[EXERCISE INPUTS — start]

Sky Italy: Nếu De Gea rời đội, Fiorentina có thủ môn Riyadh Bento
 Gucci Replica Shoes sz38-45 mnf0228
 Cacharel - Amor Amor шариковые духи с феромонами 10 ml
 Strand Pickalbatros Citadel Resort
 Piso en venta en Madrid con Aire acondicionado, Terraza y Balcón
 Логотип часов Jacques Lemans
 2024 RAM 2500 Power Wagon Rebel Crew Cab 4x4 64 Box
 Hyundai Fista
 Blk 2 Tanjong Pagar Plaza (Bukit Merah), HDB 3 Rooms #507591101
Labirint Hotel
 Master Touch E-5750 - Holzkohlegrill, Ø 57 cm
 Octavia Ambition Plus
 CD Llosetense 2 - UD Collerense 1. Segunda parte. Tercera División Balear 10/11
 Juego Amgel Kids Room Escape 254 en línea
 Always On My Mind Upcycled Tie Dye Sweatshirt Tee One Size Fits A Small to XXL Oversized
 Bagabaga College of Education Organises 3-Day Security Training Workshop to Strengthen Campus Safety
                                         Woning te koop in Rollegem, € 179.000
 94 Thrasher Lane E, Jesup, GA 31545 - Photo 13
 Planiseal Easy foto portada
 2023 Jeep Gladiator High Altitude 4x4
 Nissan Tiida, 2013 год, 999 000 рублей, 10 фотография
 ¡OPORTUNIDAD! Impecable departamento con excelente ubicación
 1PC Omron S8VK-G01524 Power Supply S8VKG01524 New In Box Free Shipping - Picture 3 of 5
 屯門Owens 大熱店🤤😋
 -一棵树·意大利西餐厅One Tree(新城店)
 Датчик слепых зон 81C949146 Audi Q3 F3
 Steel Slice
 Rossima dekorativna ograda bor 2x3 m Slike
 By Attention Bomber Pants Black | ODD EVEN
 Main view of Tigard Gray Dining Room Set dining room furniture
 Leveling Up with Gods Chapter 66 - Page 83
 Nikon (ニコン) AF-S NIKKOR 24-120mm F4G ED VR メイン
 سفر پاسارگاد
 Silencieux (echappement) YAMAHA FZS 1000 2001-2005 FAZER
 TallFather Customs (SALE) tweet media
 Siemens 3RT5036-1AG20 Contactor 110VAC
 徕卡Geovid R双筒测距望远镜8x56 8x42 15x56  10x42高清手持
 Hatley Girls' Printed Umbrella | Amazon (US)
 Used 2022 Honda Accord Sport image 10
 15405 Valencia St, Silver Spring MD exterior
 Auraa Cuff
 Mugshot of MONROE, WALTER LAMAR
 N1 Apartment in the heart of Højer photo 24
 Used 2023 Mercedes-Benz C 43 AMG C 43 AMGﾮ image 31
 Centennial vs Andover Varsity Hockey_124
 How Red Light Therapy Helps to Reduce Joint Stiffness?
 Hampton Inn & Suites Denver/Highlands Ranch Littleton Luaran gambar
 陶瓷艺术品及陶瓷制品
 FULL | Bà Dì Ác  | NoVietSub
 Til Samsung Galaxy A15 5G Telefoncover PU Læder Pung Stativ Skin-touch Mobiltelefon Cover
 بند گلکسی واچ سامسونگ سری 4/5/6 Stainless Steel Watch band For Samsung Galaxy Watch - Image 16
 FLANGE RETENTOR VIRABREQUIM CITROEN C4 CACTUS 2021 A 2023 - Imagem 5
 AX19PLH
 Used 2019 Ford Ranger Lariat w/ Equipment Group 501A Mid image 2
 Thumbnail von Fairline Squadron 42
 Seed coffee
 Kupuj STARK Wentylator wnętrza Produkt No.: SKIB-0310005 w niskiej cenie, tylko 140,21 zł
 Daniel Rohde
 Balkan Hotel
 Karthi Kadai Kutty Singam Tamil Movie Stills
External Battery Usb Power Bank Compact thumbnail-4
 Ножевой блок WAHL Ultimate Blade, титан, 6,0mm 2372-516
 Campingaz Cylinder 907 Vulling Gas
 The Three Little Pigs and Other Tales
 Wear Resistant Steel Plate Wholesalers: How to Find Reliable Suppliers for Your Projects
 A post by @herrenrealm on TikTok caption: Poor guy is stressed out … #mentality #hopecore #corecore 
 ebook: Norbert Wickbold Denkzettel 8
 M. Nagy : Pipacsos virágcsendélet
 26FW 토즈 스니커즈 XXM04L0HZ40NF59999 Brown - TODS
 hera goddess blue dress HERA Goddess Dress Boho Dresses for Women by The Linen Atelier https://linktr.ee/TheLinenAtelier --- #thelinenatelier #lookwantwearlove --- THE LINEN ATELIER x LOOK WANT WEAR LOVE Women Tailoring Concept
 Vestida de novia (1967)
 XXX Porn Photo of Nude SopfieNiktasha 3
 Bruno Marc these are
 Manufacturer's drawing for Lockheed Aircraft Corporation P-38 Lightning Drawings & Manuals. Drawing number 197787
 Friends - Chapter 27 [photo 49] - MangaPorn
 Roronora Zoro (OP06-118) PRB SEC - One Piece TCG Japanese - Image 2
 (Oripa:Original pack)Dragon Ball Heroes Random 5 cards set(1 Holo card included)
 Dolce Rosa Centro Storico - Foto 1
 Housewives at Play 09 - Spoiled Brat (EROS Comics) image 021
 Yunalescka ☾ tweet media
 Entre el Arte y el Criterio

[EXERCISE INPUTS — finish]

PROBLEM STATEMENT
Every line of the records containing the word "Samsung" must appear in the answer.

EXERCISE OUTPUT
 Til Samsung Galaxy A15 5G Telefoncover PU Læder Pung Stativ Skin-touch Mobiltelefon Cover
 بند گلکسی واچ سامسونگ سری 4/5/6 Stainless Steel Watch band For Samsung Galaxy Watch - Image 16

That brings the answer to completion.